> [Your goal] When you repeat the entries, reproduce each line exactly and omit every picture.

Top of Records shown

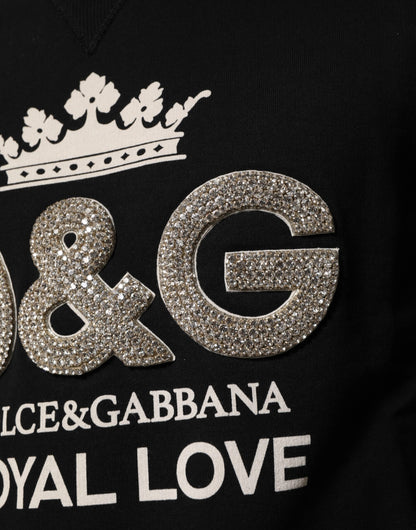 Dolce & Gabbana Black Cotton DG Crystal Embellished Sweater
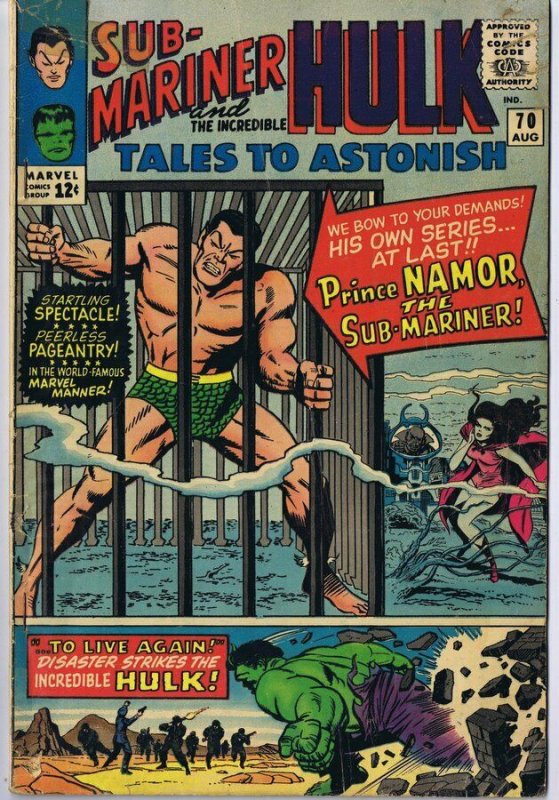 Tales to Astonish #70 ORIGINAL Vintage 1965 Marvel Comics Incredible Hulk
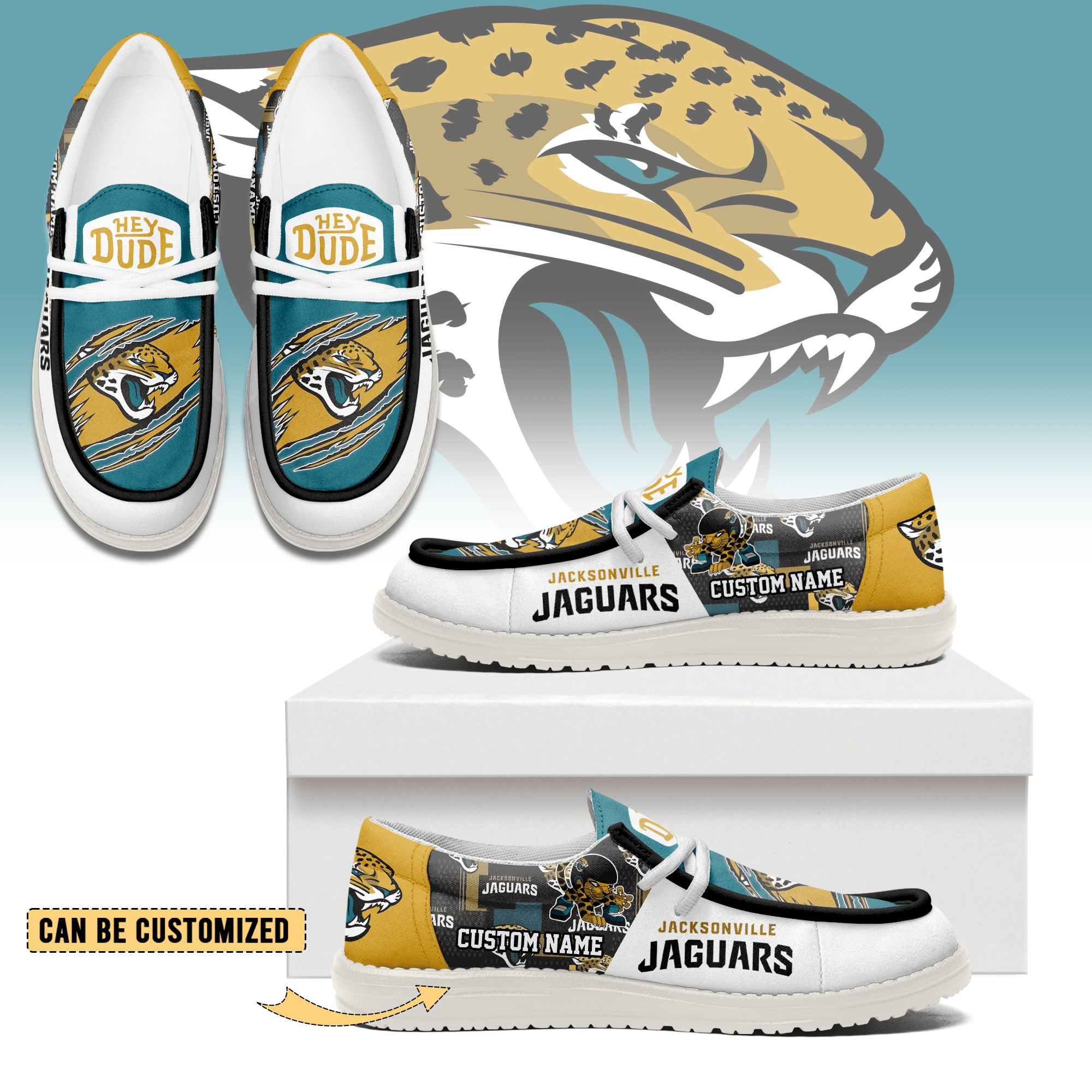 JWFancy Jacksonville Jaguars Hey Dude Shoes Wally Men’s Lace Up Loafers Comfortable For Men And Women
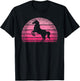 Retro Horse Horseback Riding Horse Lover Cowgirl Women Girls T-Shirt - T-Shirt | Black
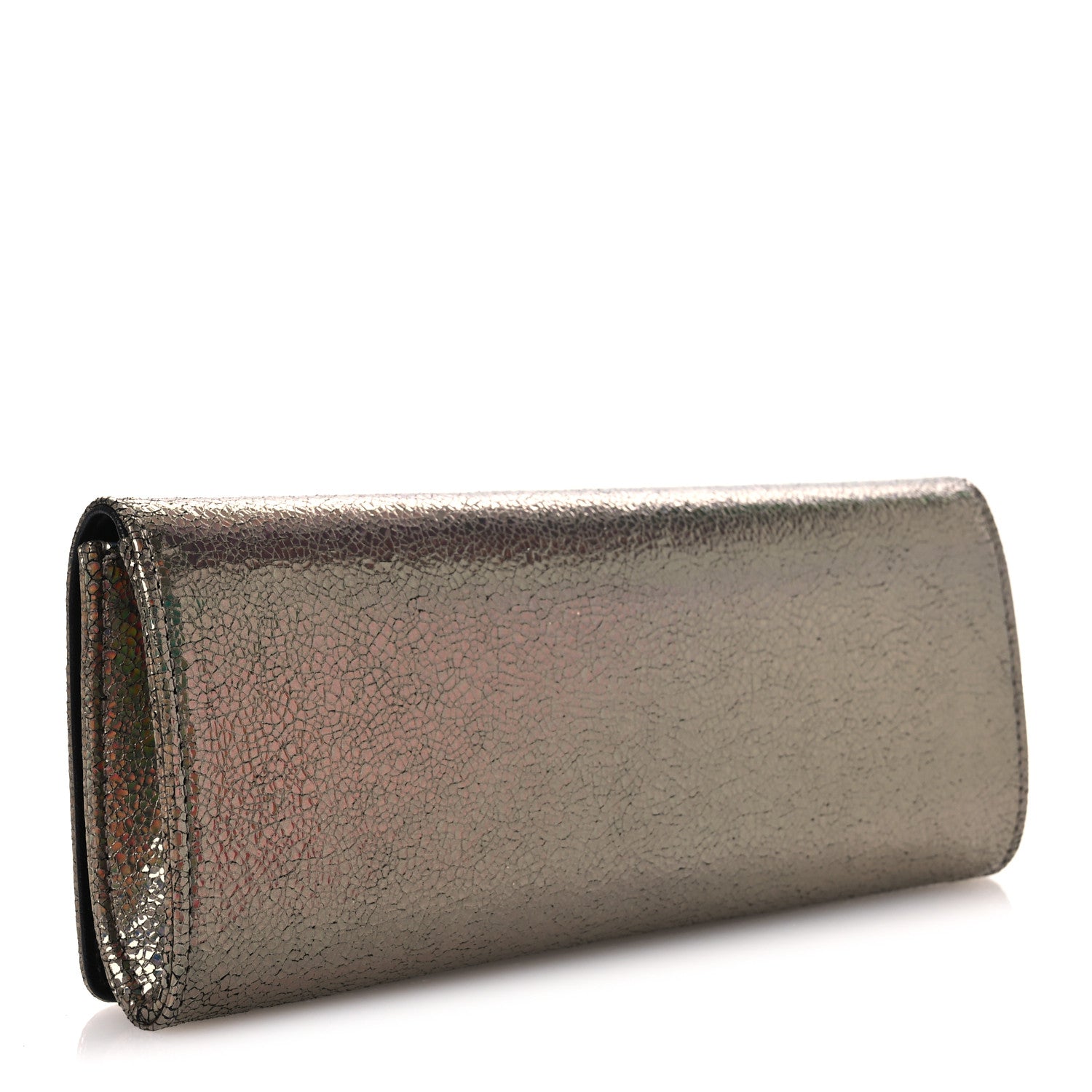 Gucci Metallic Crackled Calfskin Broadway Clutch Salmone 3 of 8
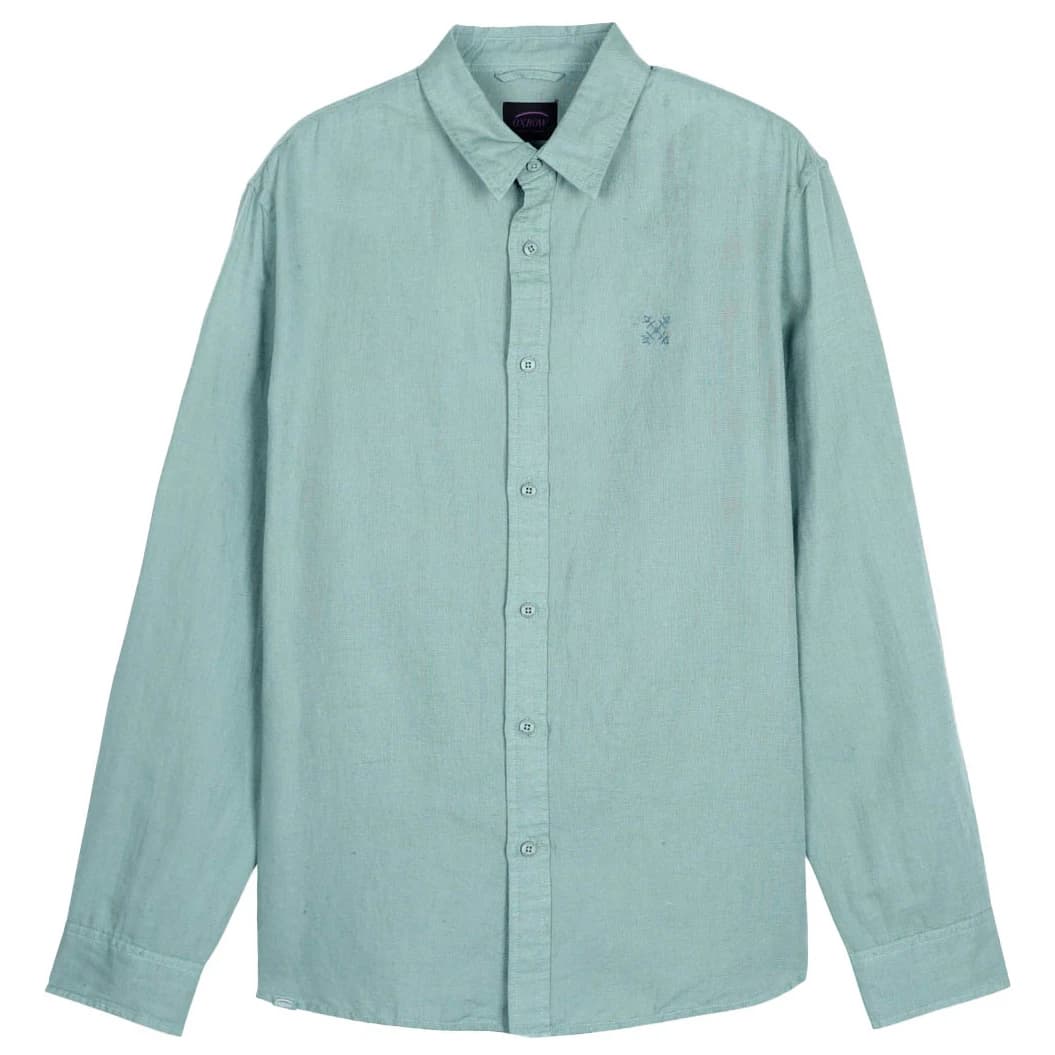 Мъжка риза с копчета Oxbow Linen Long Sleeves Shirts Shirt - Cactus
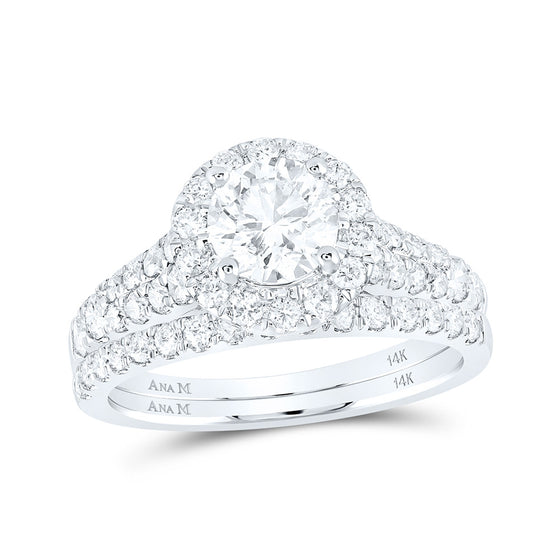 14k White Gold Round Diamond Halo Bridal Wedding Ring Band Set 2 Cttw
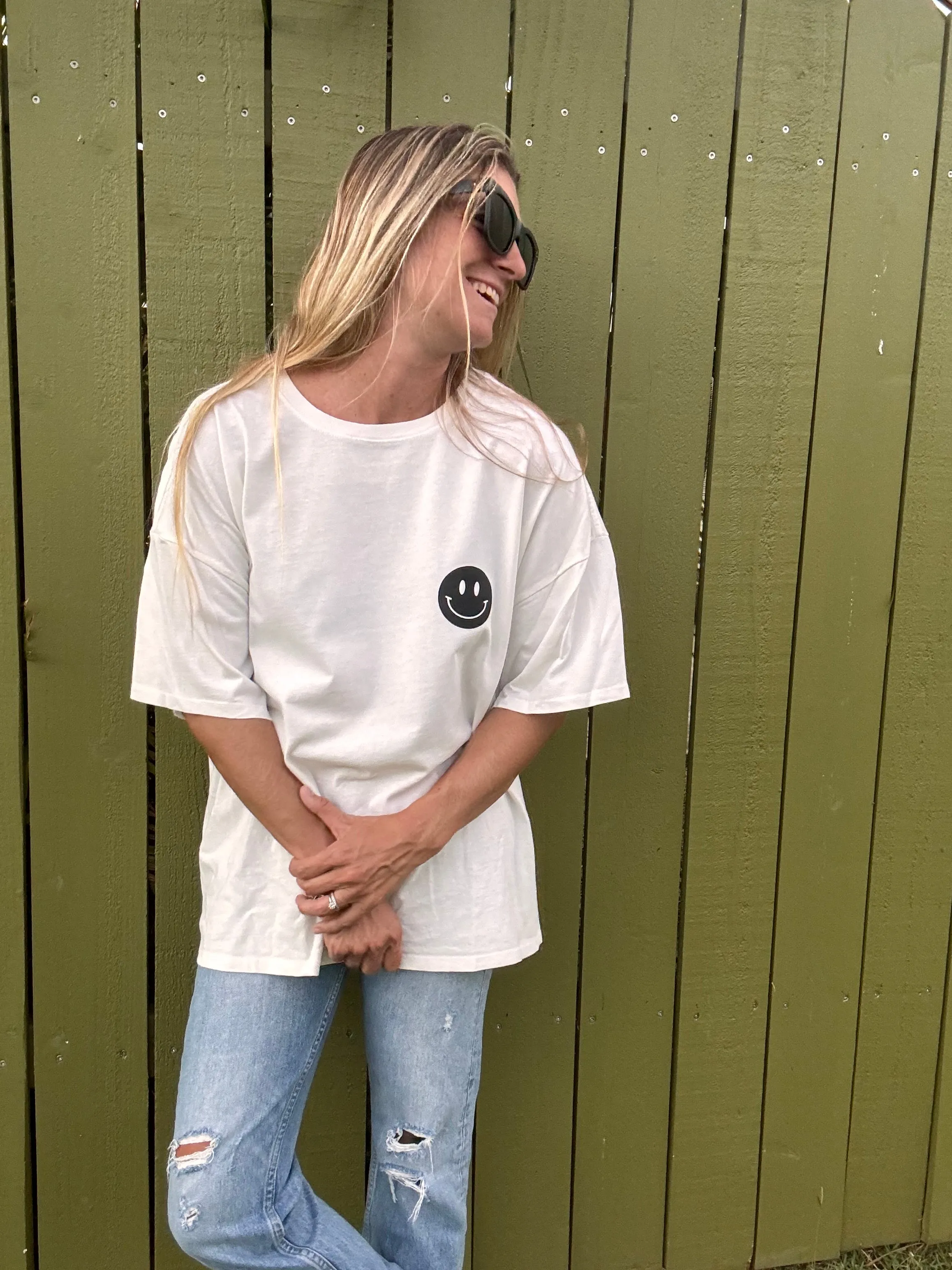 Check My Smile Übergrößen-T-Shirt - Weiß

Bottom of Records shown

> [Finished task]
 Dolce & Gabbana Black Cotton DG Crystal Embellished Sweater
 Tales to Astonish #70 ORIGINAL Vintage 1965 Marvel Comics Incredible Hulk
 JWFancy Jacksonville Jaguars Hey Dude Shoes Wally Men’s Lace Up Loafers Comfortable For Men And Women
 Retro Horse Horseback Riding Horse Lover Cowgirl Women Girls T-Shirt - T-Shirt | Black
 Gucci Metallic Crackled Calfskin Broadway Clutch Salmone 3 of 8
 Мъжка риза с копчета Oxbow Linen Long Sleeves Shirts Shirt - Cactus
 14k White Gold Round Diamond Halo Bridal Wedding Ring Band Set 2 Cttw
 Check My Smile Übergrößen-T-Shirt - Weiß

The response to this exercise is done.